Certo l’isolamento lo ha protetto dalla corruzione imperante di Roma, ma gli ha impedito di creare un ampio consenso intorno al suo progetto. La mancanza di deleghe poi ha creato una palude: il presidente-segretario è l’unico che fa, ma dato che non è onnisciente può facilmente sbagliare e in secondo luogo quello che non fa lui in prima persona semplicemente non si fa.
Inoltre pare che Renzi non sia un uomo per le tempeste. Si è inserito in un momento di confusione con una faccia pulita, doti di comunicazione e intuizione rapida di alcuni problemi. Ma man mano che la situazione si è fatta complessa, il governo dell’esecutivo e del parlamento è diventato un pantano, lui ha perso grinta e ha cominciato a girare sempre più a vuoto, commettendo sbagli su sbagli. Firenze era un comune ben più facile da governare di Palermo, Cosenza, Bari, Milano o Roma, e forse allora non aveva esperienza sufficiente per pensare di governare l’Italia.
Oggi in realtà il partito dovrebbe cambiarlo oppure deve cambiare lui. L’uomo è giovane, coraggioso, tenace ma deve cambiare la testa: scegliere uomini nuovi, delegare di più (i bravi Padoan e Del Rio dopo essere scomparsi appaiono di più) e strutturarsi diversamente. Se non lo farà è perduto, perché dopo due anni di governo ha semplicemente perso la magia. Per ritrovarsi deve escludere gli yes-men e davvero ascoltare quelli che, leali, gli hanno messo i paletti. Questo significa certo uscire da un bozzolo confortevole, ma è il volto vero dell’azione di governo.
Né vale l’idea, tutta “salotti romani”, di una grande alleanza destra-sinistra contro M5s. Ciò sarebbe un’ammissione di sconfitta come nient’altro e consegnerebbe davvero il paese ai 5 Stelle. Se tutte le vecchie forze devono riunirsi per battere il movimento allora davvero il movimento merita di vincere: questo sarebbe il messaggio che recepirebbero gli italiani, votanti o meno.

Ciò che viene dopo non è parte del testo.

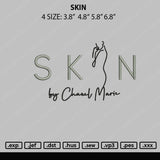 Skin Embroidery File 4 size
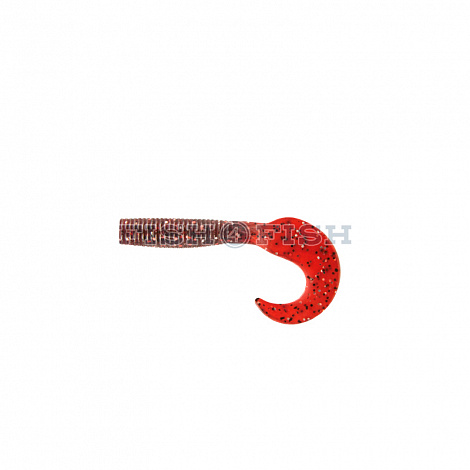 Твистер ALLVEGA Flutter Tail Grub 8 см; 3,6 гр (cranberry seed)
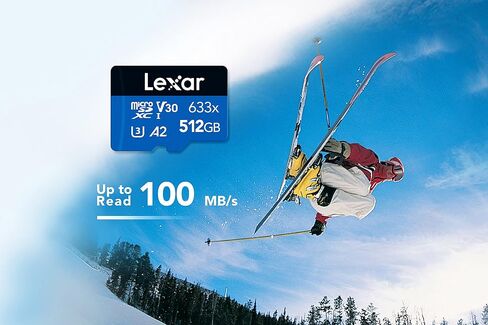 بطاقة Lexar 633x 128GB Micro SD، بطاقة microSDXC UHS-I + محول SD، بطاقة ذاكرة microSD تصل إلى 100 ميجابايت/ثانية للقراءة، A1، الفئة 10، U3، V30، بطاقة TF للهواتف الذكية/الأجهزة اللوحية/كاميرات IP (LMS0633128G-BNAAA) in Saudi Arabia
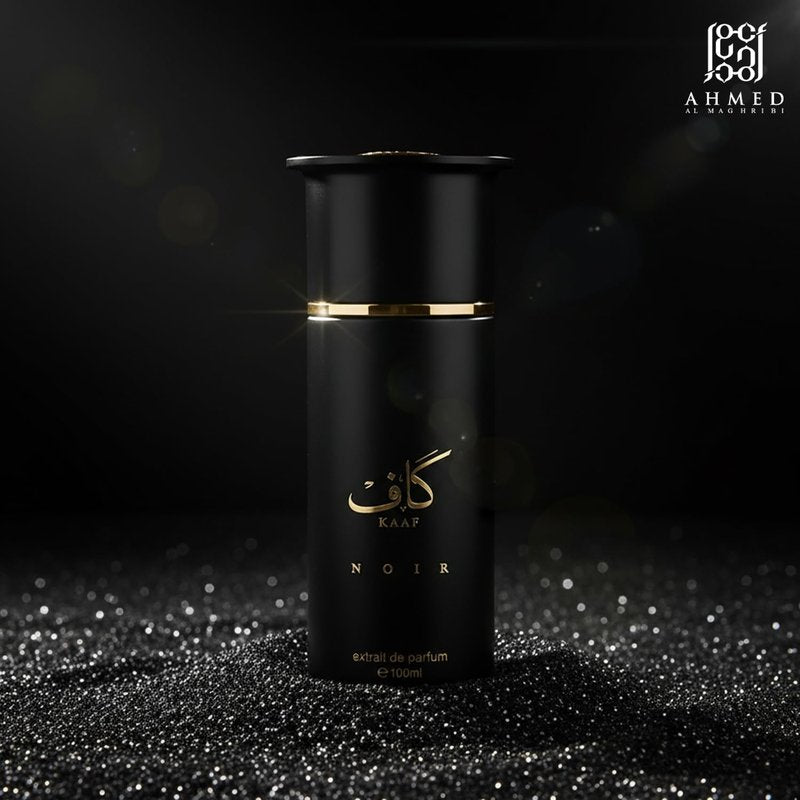 Ahmed Al Maghribi Kaaf Noir Extrait De Parfum 3.4 Oz – Luxury Unisex Long Lasting Perfume for Men & Women | Citrus Woody Aromatic Fragrance with Vetiver, Lavender, Musk | Premium Arabic Perfume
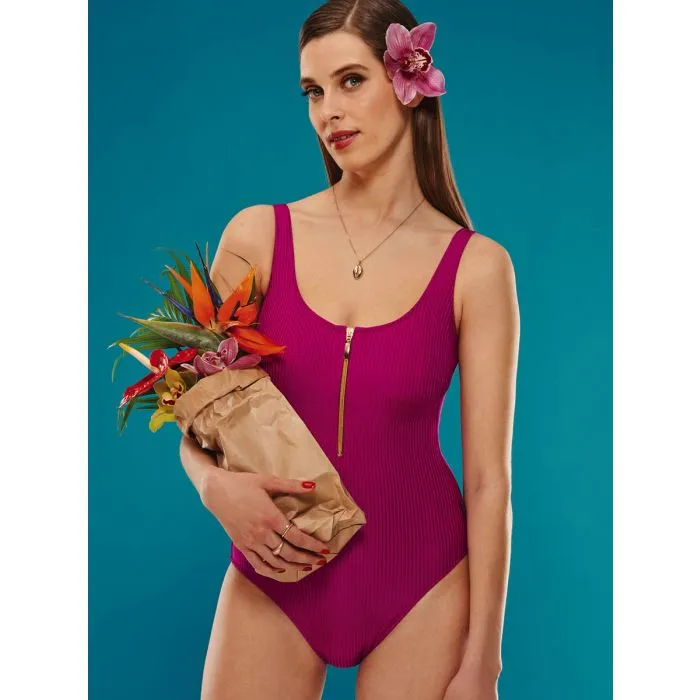 Bañador Rosa Faia Shiny Eco Elouise 7747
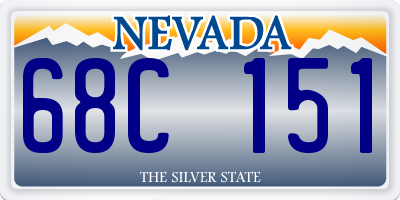NV license plate 68C151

La destra ugualmente dovrebbe specchiarsi nel lago delle proprie perdizioni. Spappolata, ultra sconfitta, se vuole vivere non può aggrapparsi alla speranza di uno scambio di poltrone con baratto di voti con la sinistra. La lezione del M5s è stata che c’è un’Italia ben più grande e forte delle aderenze dei vecchi partiti, e che non ha voce. Se non si parla a quell’Italia, si perde.
L’Italia disperata che si rivolge ai 5 stelle o che non vota, in teoria è un’Italia di destra, che vuole vivere tranquilla. Si sente minacciata ma non salviniana. Qui Salvini e company possono salvarsi, trovare un alveo, ma mai diventare egemoni, perché in Italia i repubblichini, come i partigiani stalinisti, sono stati sempre pochissimi.
A destra però manca tutto. Ci sono i parlamentari ma manca un partito che abbia un contatto con i votanti. I voti bisogna andarseli a ritrovare uno per uno. La partita a destra è disperata, per animi fortissimi, ma ha le potenzialità maggiori, perché gli elettori sono lì, come capì due decenni fa Berlusconi quando non si arrese allo scioglimento della Dc e fondò il suo partito. La questione è: oggi qualcuno a destra ha la forza e lo stomaco di sfidare Grillo e Pd insieme e rifondare il partito?
A bocce ferme, la prospettiva è chiara: i 5 Stelle sbaragliano, il Pd va all’opposizione in cerca di anima e la destra scompare. Ma le bocce non sono ferme né in Italia né altrove e molte cose potrebbero andare diversamente.